The different algorithms are all called with the Perl script gmes_petap.pl. Run it without any additional arguments to get the help page (note that the standard -h or –help does not work here). You may think -like me- that gmes_petap.pl is quite a peculiar name. You are not wrong, but each of these letters is a short hand for the various algorithms stashed in this script:
gm GeneMark.hmm e Eukaryote s Self-training p Plus e Evidence t Transcripts a ..and.. p Proteins
GeneMark-ES
This is perhaps the most straightforward and pure ab initio gene prediction tool. Only the genome FASTA file is provided, and the algorithm will do its best without any external sources of evidence or training input (hence Self-training), to predict the gene start and end locations, including possible introns.
gmes_petap.pl --sequence <genome.fasta> --ES
If your genome is fungal or fungal-like, you can also invoke the –fungus option
gmes_petap.pl --sequence <genome.fasta> --ES --fungus
GeneMark-ET
This algorithm takes “hints” from transcriptome sequencing evidence. After RNAseq reads have been quality-trimmed and aligned to the reference genome, the alignments contain information on intron locations. Reads will 'span' as it were introns. It's these introns, proven by RNAseq, that are taken on as hints by GeneMark as external information for its gene prediction algorithm.

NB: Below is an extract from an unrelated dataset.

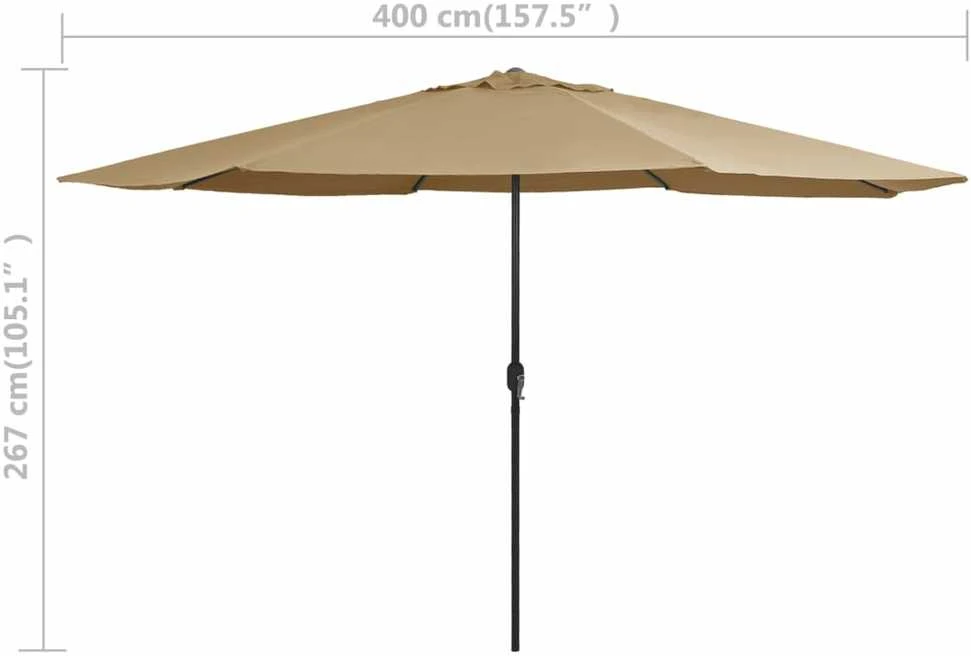 Sodo skėtis nuo saulės su metaliniu stulpu, taupe, 390cm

Braker2 uses the tool bam2hints to scan such RNAseq alignment files and processes the hints before passing them on to GeneMark:
# get hints from rnaseq alignment bam file bam2hints --intronsonly --minintronlen 20 --in=rnaseq_vs_genome.sort.bam --out=intron_hints.gff # process hints cat intron_hints.gff | sort -n -k4,4 | sort -s -n -k5,5 | sort -s -n -k3,3 | sort -s -k1,1 > intron_hints.sort.gff join_multiple_hints.pl < intron_hints.sort.gff > hintsfile.tmp.gff filterIntronsFindStrand.pl <genome.fasta> hintsfile.tmp.gff --score > hintsfile.gff # run GeneMark-ET gmes_petap.pl --verbose --sequence=<genome.fasta> --ET=hintsfile.gff --et_score 10 --cores=2
NOTE that join_multiple_hints.pl doesn't really do anything if you only provide with a single hints file.